===== Supplied material

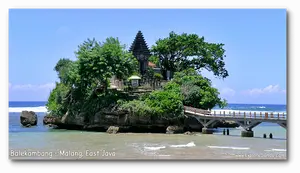 Have a glimpse of the beauty of great places to visit in Indonesia: tropical beaches, volcanoes, palaces, rich cultures, buzzing cities, and many more ...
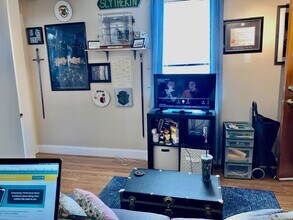 922 S 19th St, Unit #2F in Philadelphia, PA - Building Photo - Building Photo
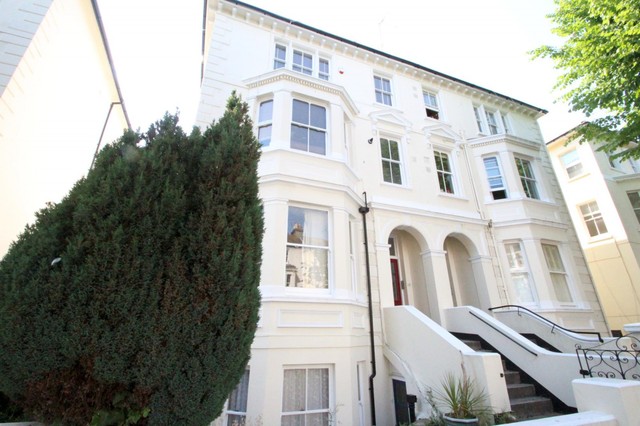  Image of 2 Bedroom Flat to rent at Hove, BN3 3DE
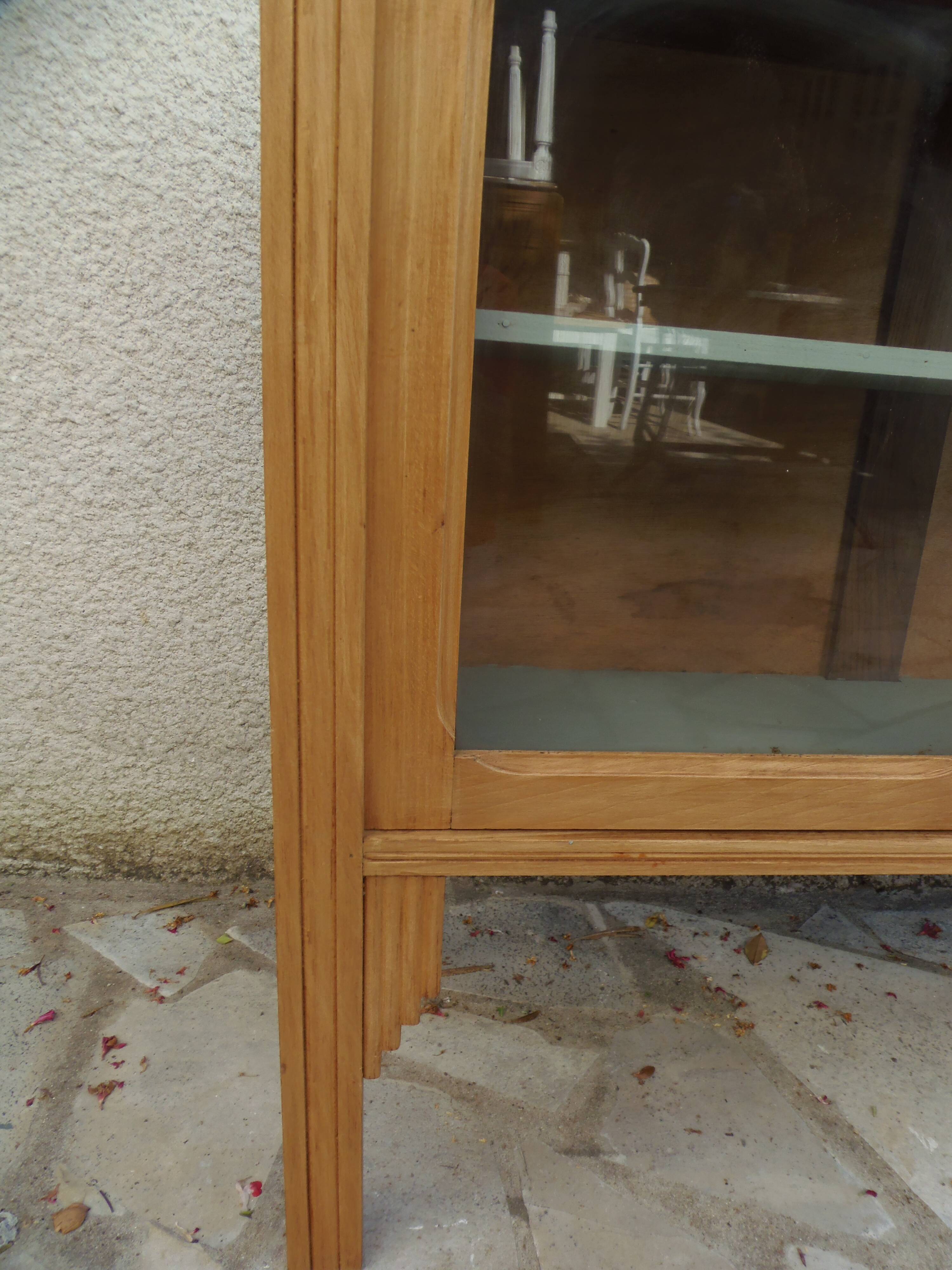 Art Deco sideboard in wood, with 2 glass doors.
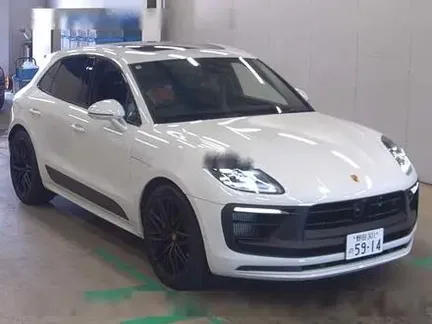 2024 PORSCHE MACAN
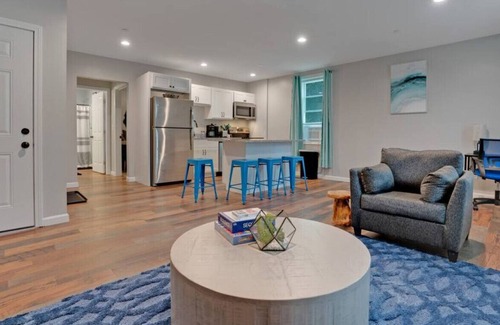 Gorham Appartement | Clean 1BD | Quiet | Long Term Friendly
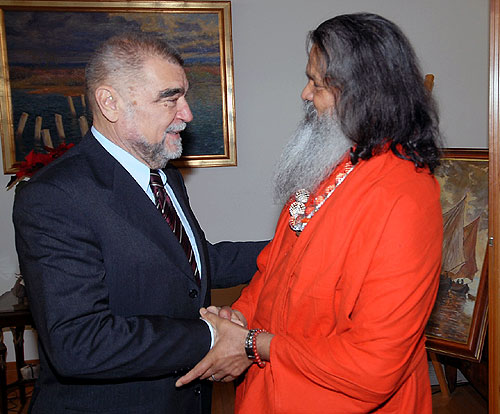 H. E. Stjepan Mesic, President of the Republic of Croatia met H. H. Vishwaguru Mahamandaleshwar Paramhans Swami Maheshwarananda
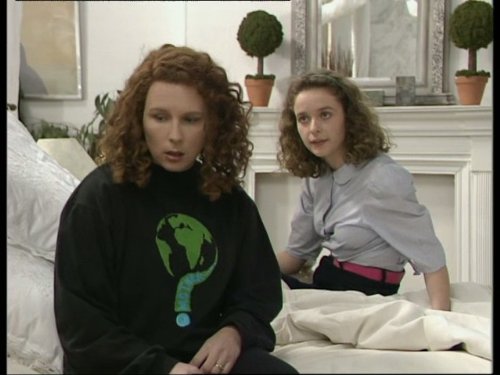 Still of Jennifer Saunders and Julia Sawalha in Absolutely Fabulous (1992)
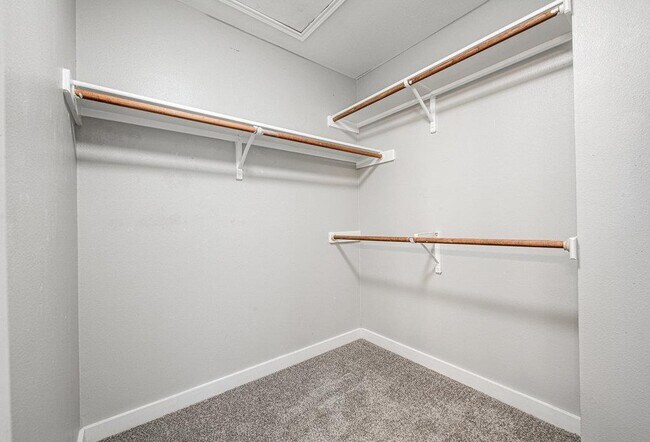 Building Photo - 1302 Crete Ln
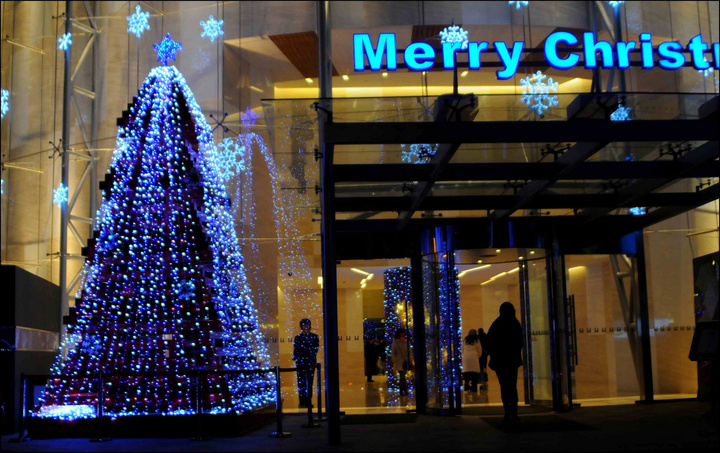 Christmas Shopping In Shanghai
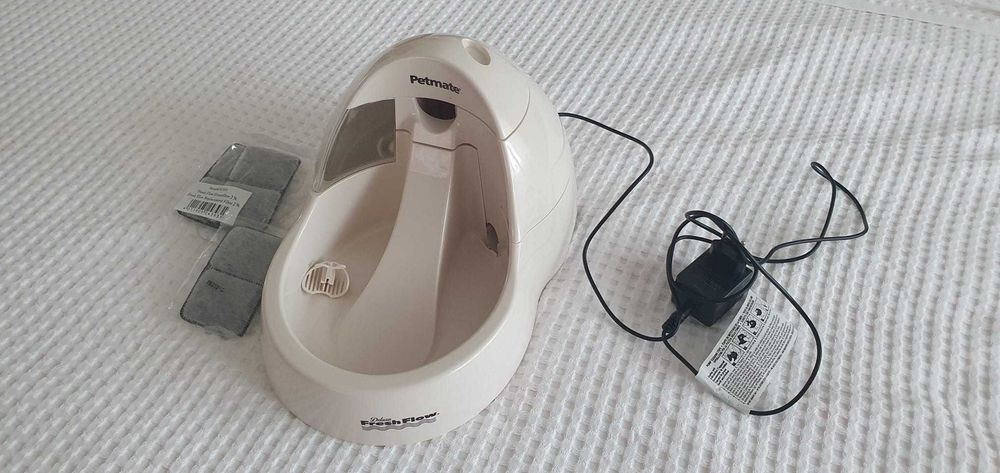 Fântână de apă Petmate Deluxe (pisici/câini) + filtre incluse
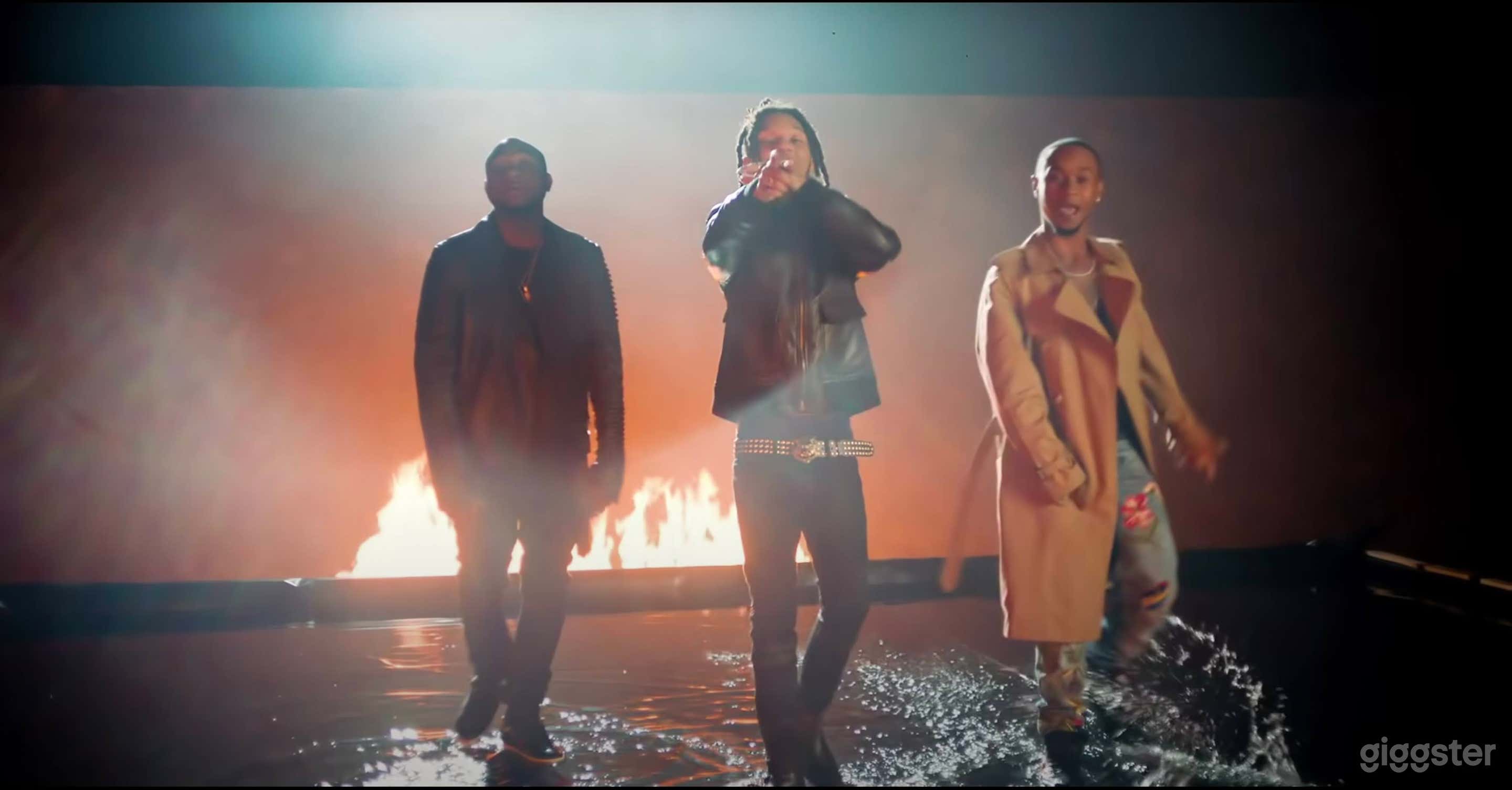 Infinity Pool Set Photo 3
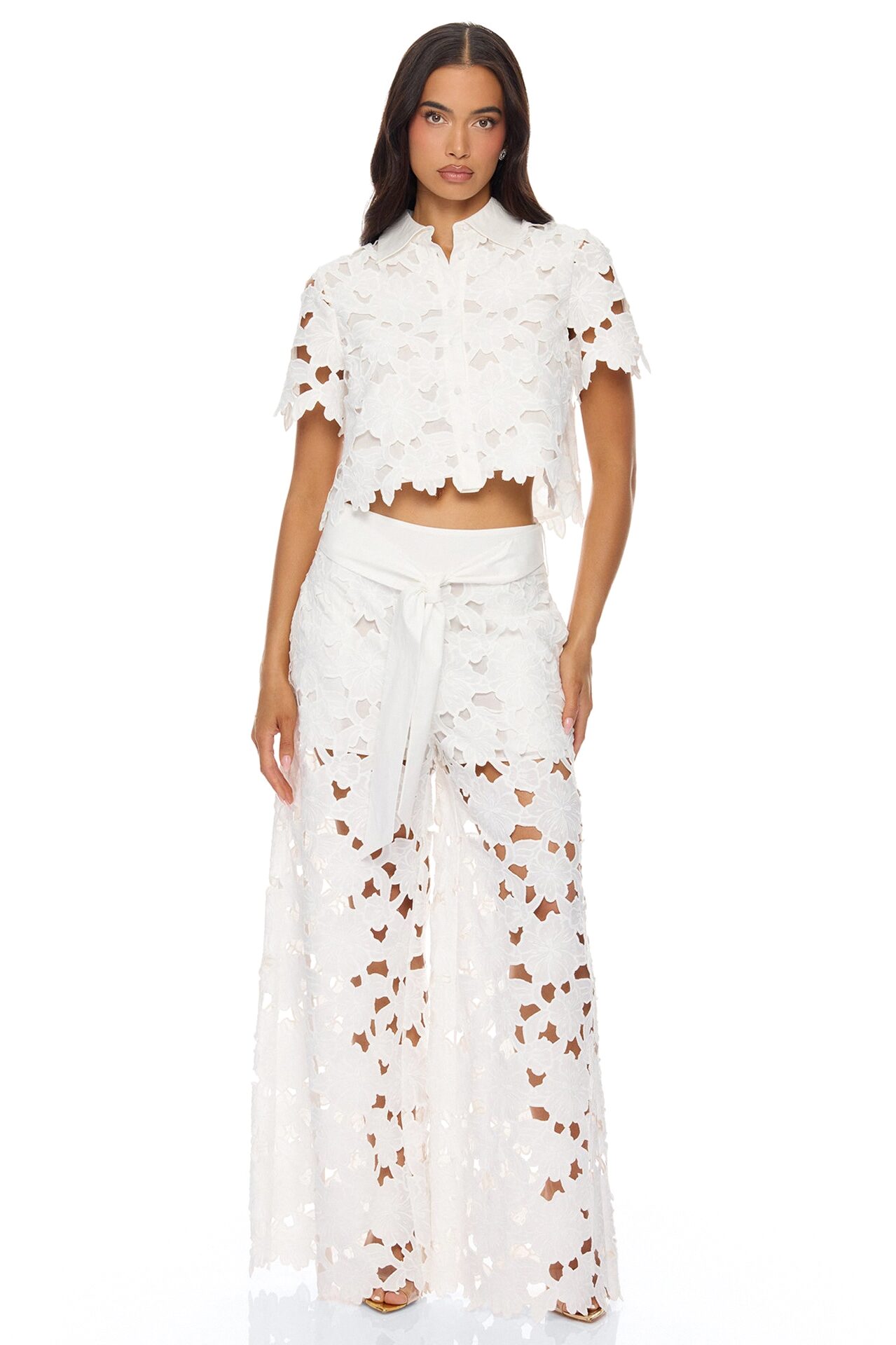 Kierra Wide Leg Embroidered Pant - White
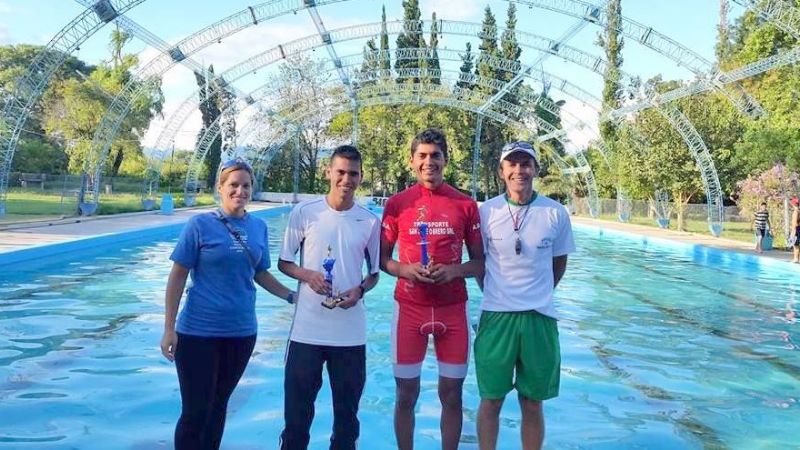 Valle Viejo coronó a los campeones del triatlón 2015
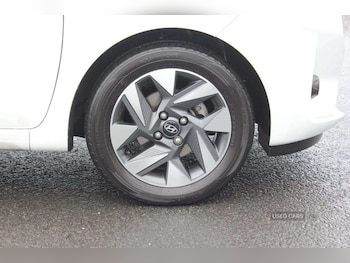 Used Hyundai i10 2024 for sale - 76021411: Photo 3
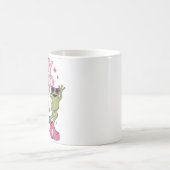 混乱を引き起こす途中で コーヒーマグカップ (中央)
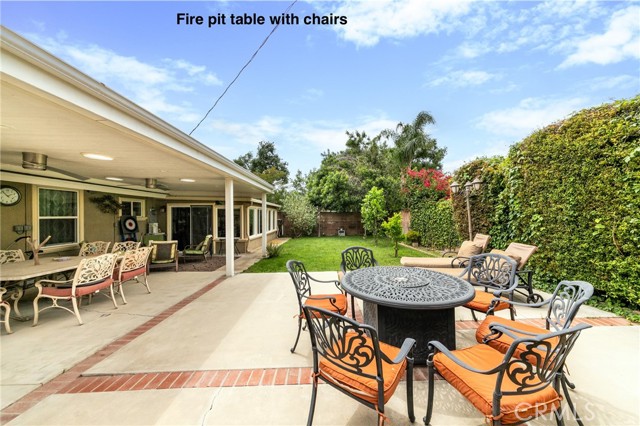Detail Gallery Image 20 of 27 For 10500 Jordan Ave, Chatsworth,  CA 91311 - 3 Beds | 2 Baths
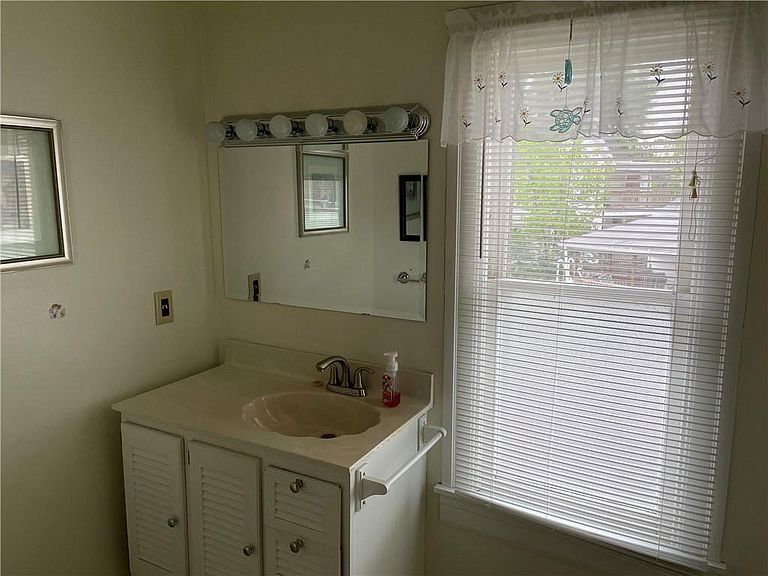 Building Photo - 156 Leach Ave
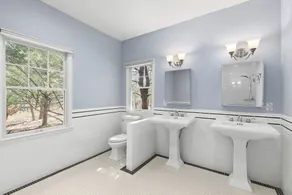 Wainscott Private Oasis -Tennis and Pool plus Home Theater - Image 5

==========

= Exercise description =
All of the lines above must be repeated without alteration, though the pictures are to be excluded.

= Written solution =
 Have a glimpse of the beauty of great places to visit in Indonesia: tropical beaches, volcanoes, palaces, rich cultures, buzzing cities, and many more ...
 922 S 19th St, Unit #2F in Philadelphia, PA - Building Photo - Building Photo
  Image of 2 Bedroom Flat to rent at Hove, BN3 3DE
 Art Deco sideboard in wood, with 2 glass doors.
 2024 PORSCHE MACAN
 Gorham Appartement | Clean 1BD | Quiet | Long Term Friendly
 H. E. Stjepan Mesic, President of the Republic of Croatia met H. H. Vishwaguru Mahamandaleshwar Paramhans Swami Maheshwarananda
 Still of Jennifer Saunders and Julia Sawalha in Absolutely Fabulous (1992)
 Building Photo - 1302 Crete Ln
 Christmas Shopping In Shanghai
 Fântână de apă Petmate Deluxe (pisici/câini) + filtre incluse
 Infinity Pool Set Photo 3
 Kierra Wide Leg Embroidered Pant - White
 Valle Viejo coronó a los campeones del triatlón 2015
 Used Hyundai i10 2024 for sale - 76021411: Photo 3
 混乱を引き起こす途中で コーヒーマグカップ (中央)
Detail Gallery Image 20 of 27 For 10500 Jordan Ave, Chatsworth,  CA 91311 - 3 Beds | 2 Baths
 Building Photo - 156 Leach Ave
 Wainscott Private Oasis -Tennis and Pool plus Home Theater - Image 5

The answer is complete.